Enforcing governing equation constraints in neural PDE solvers via training-free projections
Omer Rochman, Gilles Louppe
TL;DR
This work addresses the problem that neural PDE solvers often violate governing equation constraints. It introduces two training-free post hoc projections to enforce the discretized constraint $h(u)=c$: a nonlinear optimization-based projection solved by LBFGS on \min_u \|u-\hat{u}\|+\lambda\|h(u)-c\|, and a linearization-based projection using $h(u)\approx h(\hat{u})+J_h(u-\hat{u})$ to form a linear system $\mathcal{C}u=b$ with exact or relaxed solutions. Evaluation on Lorenz 63, Kuramoto–Shivashinsky, and 2D Navier–Stokes shows substantial reductions in constraint residuals and improved MSE compared with physics-informed baselines, with LBFGS providing the most robust constraint satisfaction and, notably for NS, recovering fine-scale structure.
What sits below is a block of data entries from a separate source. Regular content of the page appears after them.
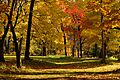 131103 Hokkaido University Botanical Gardens Sapporo Hokkaido Japan18o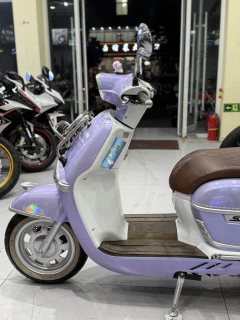 Weiduoliya Sixties 150Si - ფოტო 4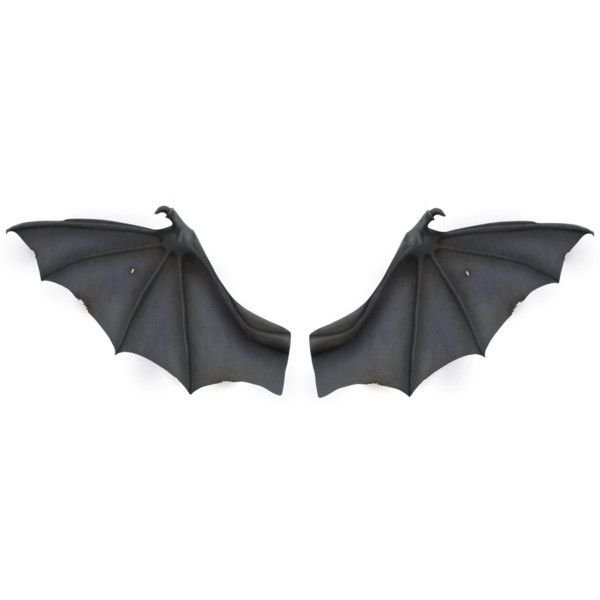 Кожистые Крылья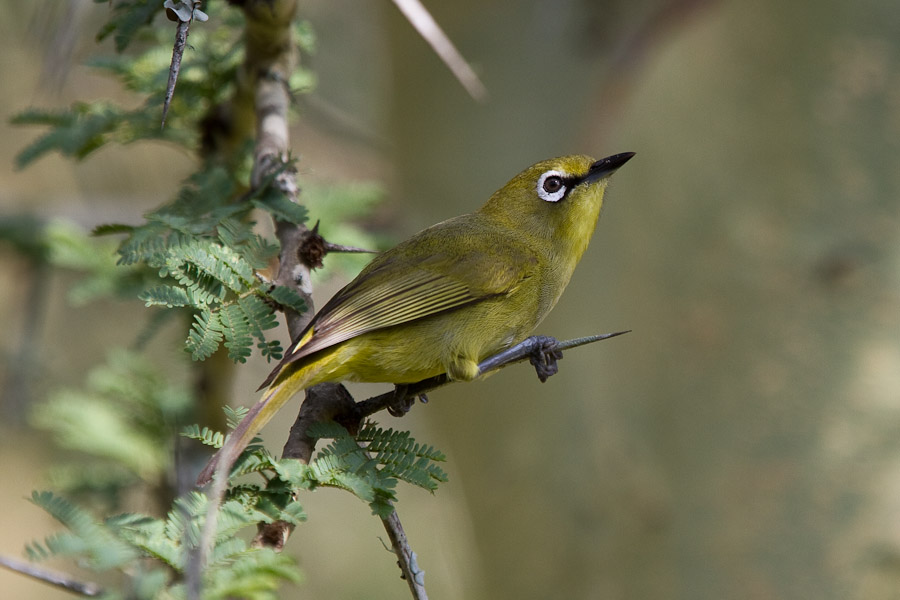 A cape whiteye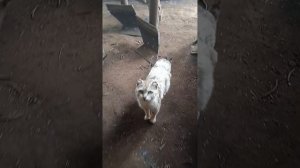 плуги и их себестоимость и комплектация в деревне
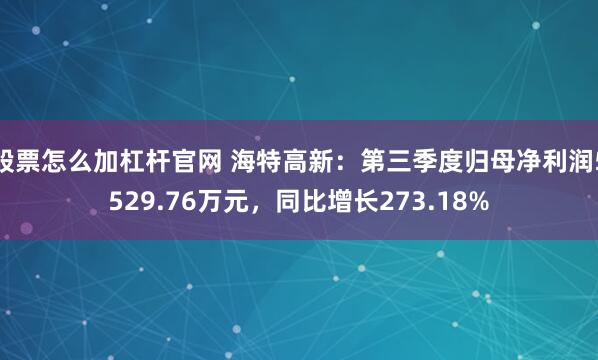 股票怎么加杠杆官网 海特高新：第三季度归母净利润5529.76万元，同比增长273.18%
These results highlight the utility of training-free constraint enforcement for temporal-coherent PDE solutions, while also pointing to limitations around differentiability for end-to-end training and the potential for integrating differentiable projections with generative models and SQP-like relinearization strategies.
Abstract
Neural PDE solvers used for scientific simulation often violate governing equation constraints. While linear constraints can be projected cheaply, many constraints are nonlinear, complicating projection onto the feasible set. Dynamical PDEs are especially difficult because constraints induce long-range dependencies in time. In this work, we evaluate two training-free, post hoc projections of approximate solutions: a nonlinear optimization-based projection, and a local linearization-based projection using Jacobian-vector and vector-Jacobian products. We analyze constraints across representative PDEs and find that both projections substantially reduce violations and improve accuracy over physics-informed baselines.